- Official poster
- Directed by: Lucien Castaing-Taylor
- Produced by: Ilisa Barbash
- Cinematography: Lucien Castaing- Taylor
- Distributed by: Cinema Guild
- Release date: February 4, 2009 (Berlin);
- Running time: 101 minutes
- Country: United States
- Language: English

= Sweetgrass (film) =

2009 documentary film by Lucien Castaing-Taylor

Sweetgrass is a 2009 documentary film that follows modern-day shepherds as they lead their flocks of sheep up into Montana's Absaroka-Beartooth mountains for summer pasture. It was directed by Lucien Castaing-Taylor, a Harvard anthropologist, and produced by his wife Ilisa Barbash. The title derives from Sweet Grass County, one of several in which the film was shot.

==Production and premiere==
Recording first began in the spring of 2001, when Barbash and Castaing-Taylor first heard of a family of Norwegian‐American sheepherders in Montana. These herders were among the last to trail their band of sheep long distances through Montana's mountains. After eight years of filming and development, it premiered at the 59th Berlin International Film Festival.

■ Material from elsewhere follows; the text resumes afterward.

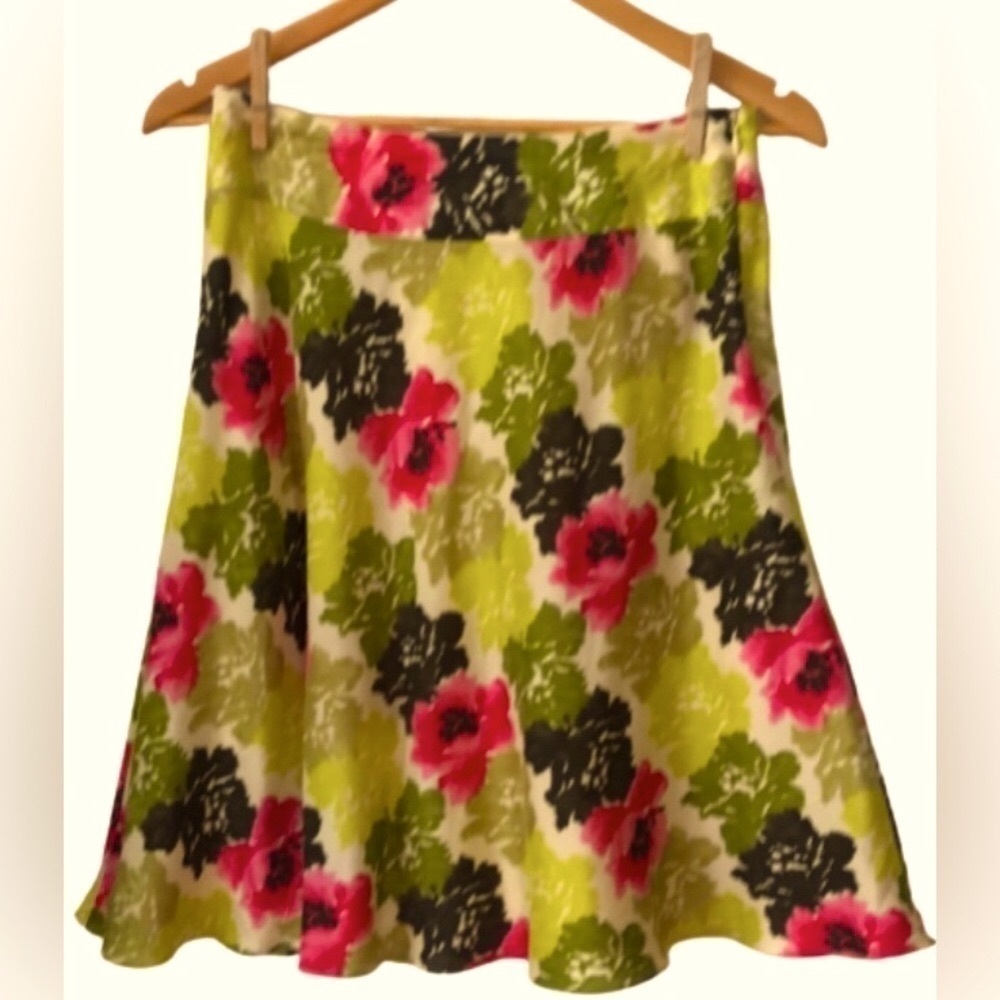 Ann Taylor 100% silk floral flounce skirt SZ 4P romantic feminine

Since then it has regularly screened worldwide and distributed theatrically by Cinema Guild. In the United States, it premiered at the New York Film Festival, and in Montana at the Big Sky Documentary Film Festival in Missoula, where it received the Big Sky Artistic Excellence Award.

==Critical response==
On review aggregator website Rotten Tomatoes, the film holds an approval rating of 97%. The website's critical consensus reads, "At once tender and unsentimental, Sweetgrass gracefully captures the beauty and hardships of a dying way of life." On Metacritic, the film has a weighted average score of 80 out of 100, based on 20 critics, indicating "generally favorable reviews".

Film critics have praised the film as "an anthropological work of art," focusing on its aesthetic minimalism, such as a lack of music and narration. The film is a New York Times Critic's Pick and a Washington Post Critic's Pick, and Manohla Dargis of The New York Times described it as "the first essential movie" of 2010.